- Opening Delimiter -

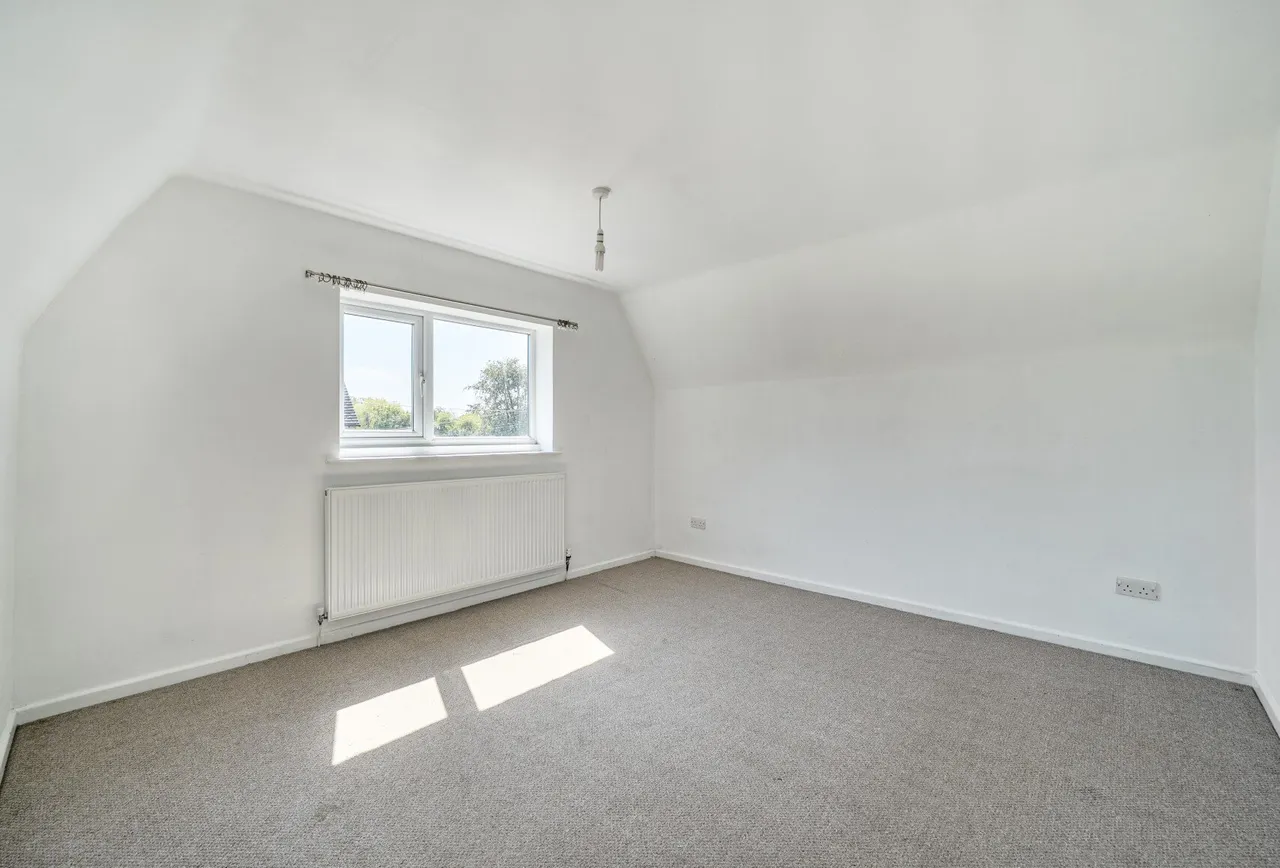 Stroud Road, Gloucestershire, Bisley, GL6 7BH, photo 15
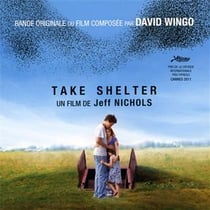 Take shelter (bof)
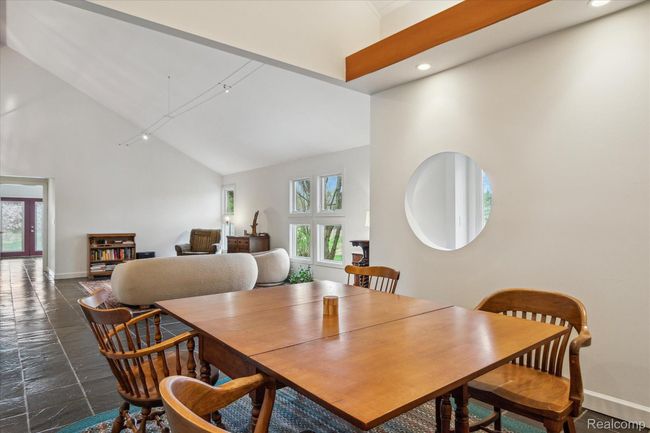 7830 Webster Church Rd, House other with 4 bedrooms, 2 bathrooms and null parking in Whitmore Lake MI | Image 19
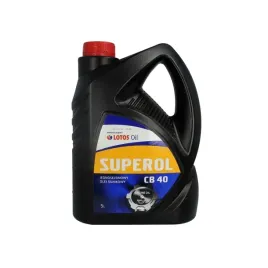 olej-superol-cb-40-5lby-best-occasionsby-best-occasions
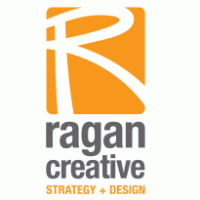 Ragan Creative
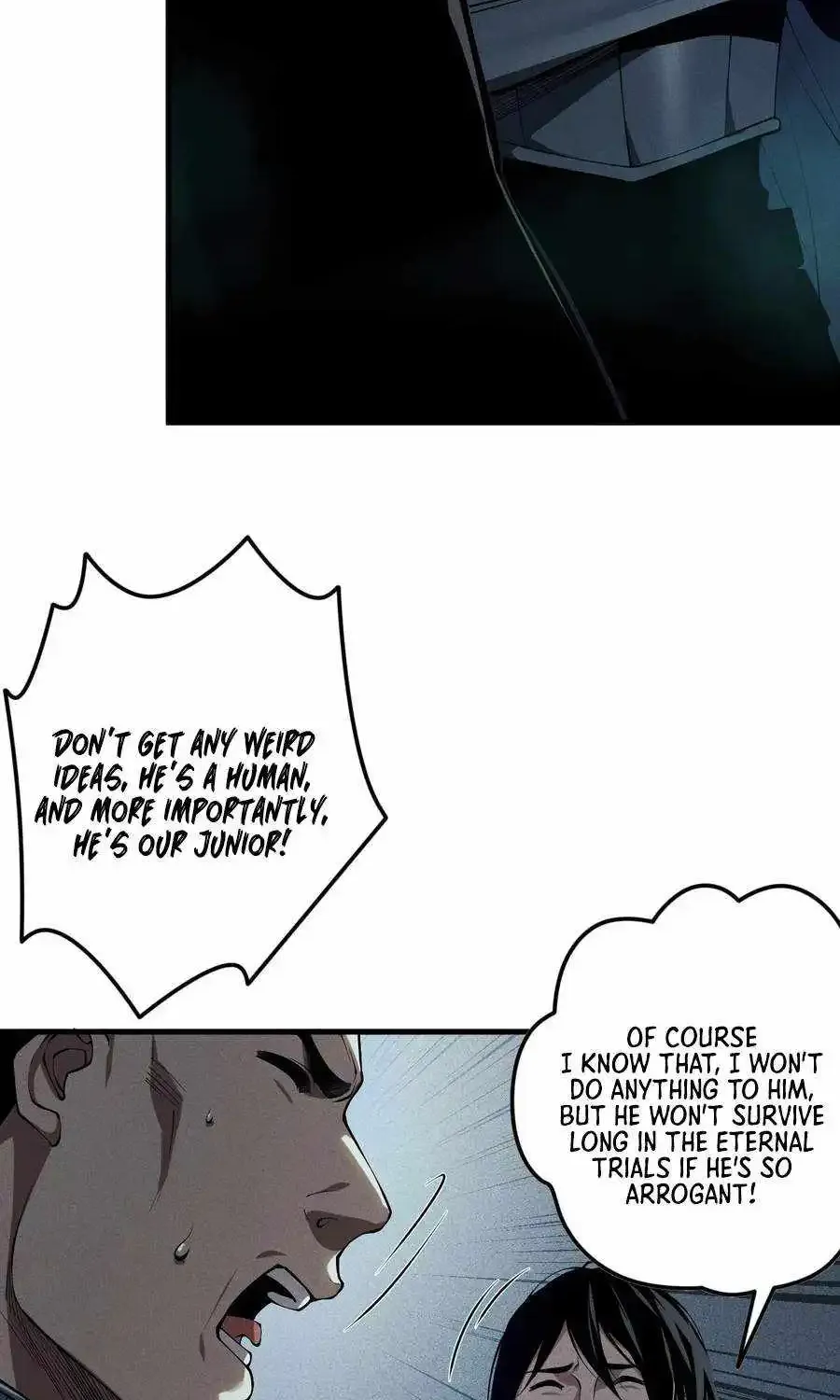 Chapter 103 — page 25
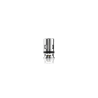 Pnp tw  voopoo 0.15 ohm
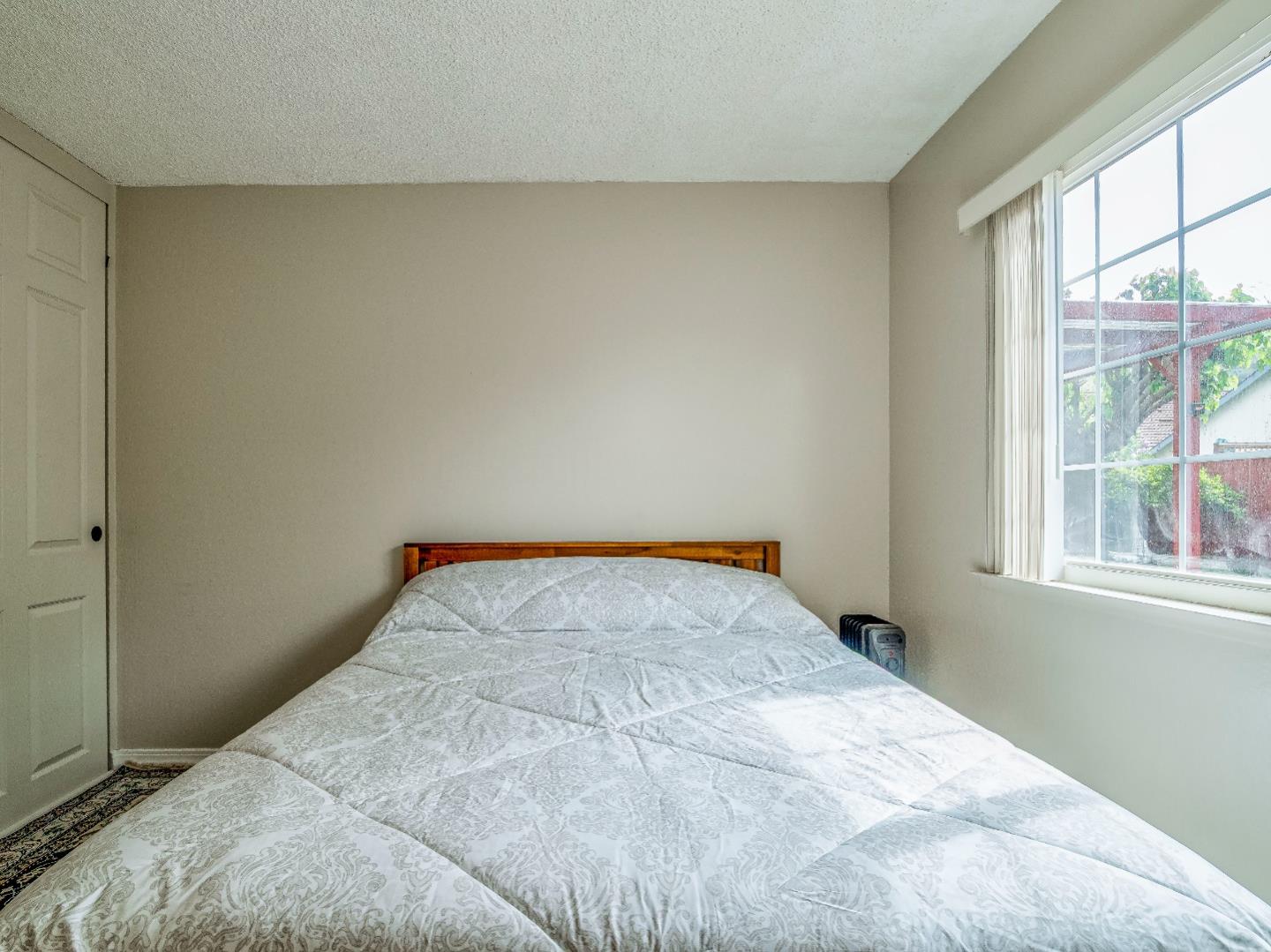 Detail Gallery Image 12 of 25 For 6281 Mountford Dr, San Jose,  CA 95123 - 3 Beds | 2 Baths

- Closing Delimiter -

▶ What the exercise asks
Your job is to restate, word for word, only the lines from the one holding "Chapter 103 — page 25" through the end of the material; pictures stay out.

▶ Answer for the task
 Chapter 103 — page 25
 Pnp tw  voopoo 0.15 ohm
 Detail Gallery Image 12 of 25 For 6281 Mountford Dr, San Jose,  CA 95123 - 3 Beds | 2 Baths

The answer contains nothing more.